Task to complete: The full listing, minus its pictures, should be printed again exactly as it stands.

Dataset extract:

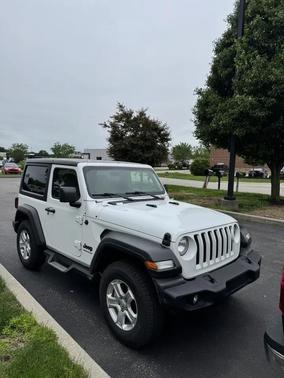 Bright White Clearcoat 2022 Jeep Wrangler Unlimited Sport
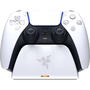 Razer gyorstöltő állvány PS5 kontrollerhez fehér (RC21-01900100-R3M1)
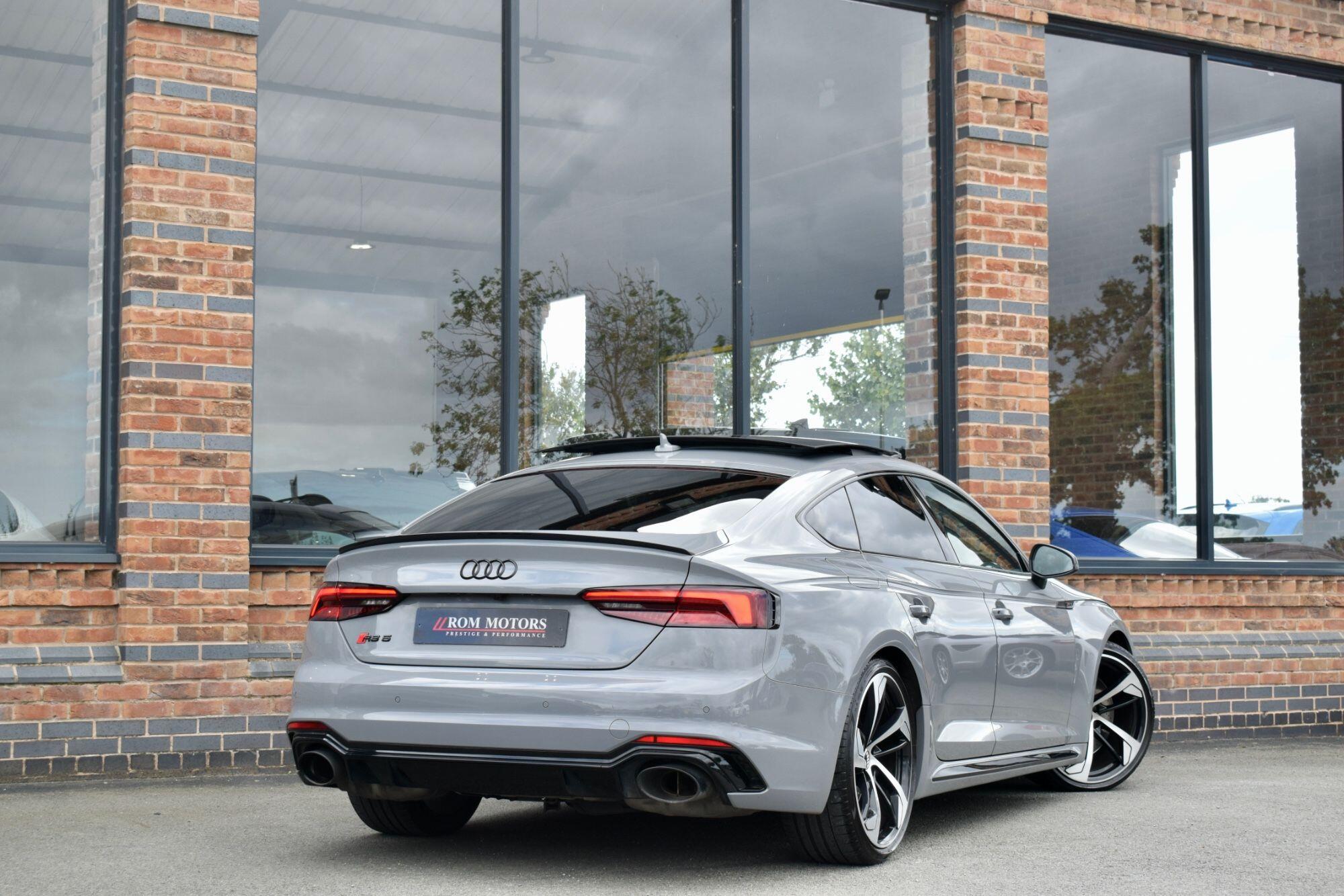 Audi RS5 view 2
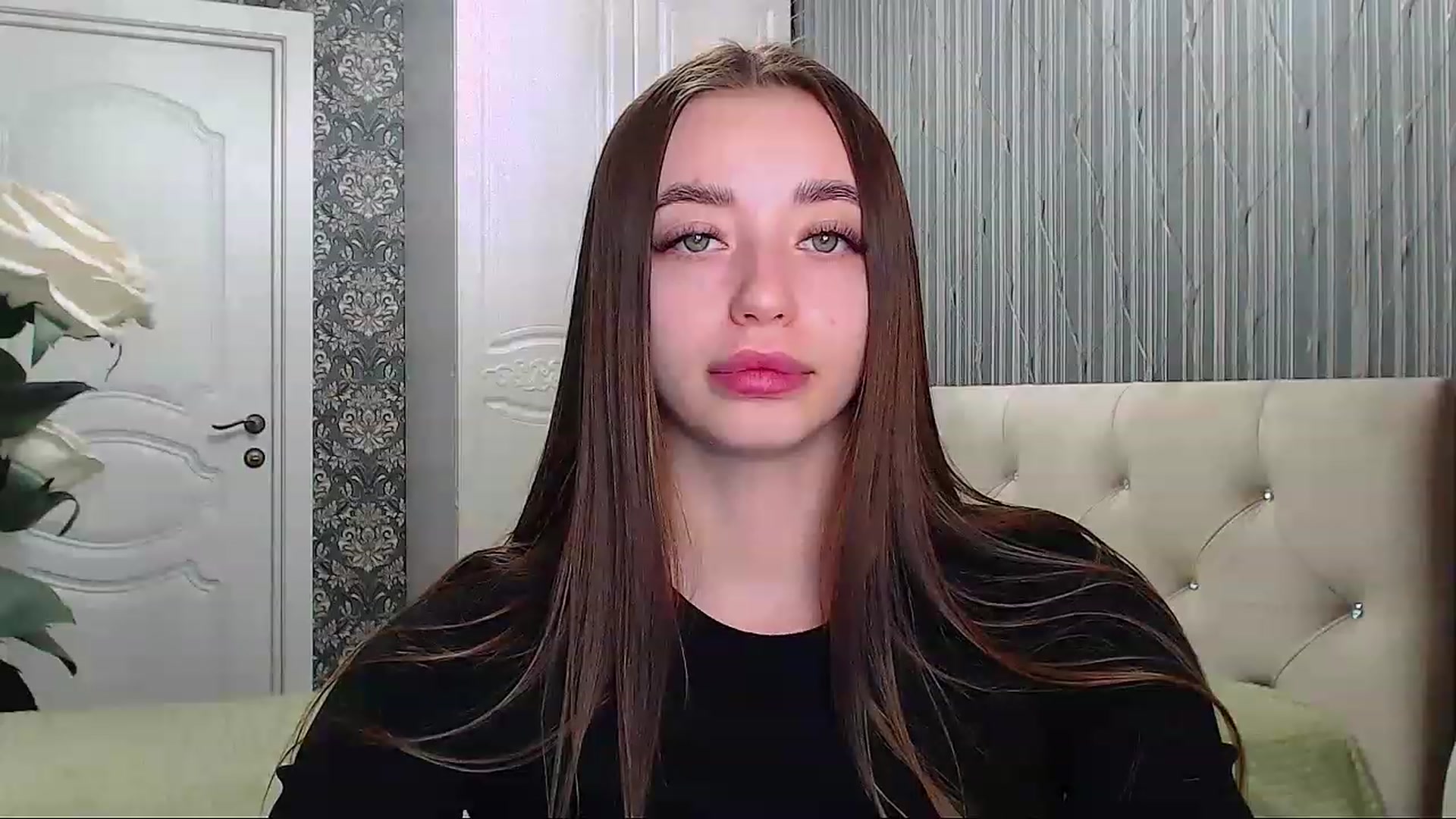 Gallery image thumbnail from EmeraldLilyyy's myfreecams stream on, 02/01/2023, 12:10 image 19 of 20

Answer section:
 Bright White Clearcoat 2022 Jeep Wrangler Unlimited Sport
 Razer gyorstöltő állvány PS5 kontrollerhez fehér (RC21-01900100-R3M1)
 Audi RS5 view 2
 Gallery image thumbnail from EmeraldLilyyy's myfreecams stream on, 02/01/2023, 12:10 image 19 of 20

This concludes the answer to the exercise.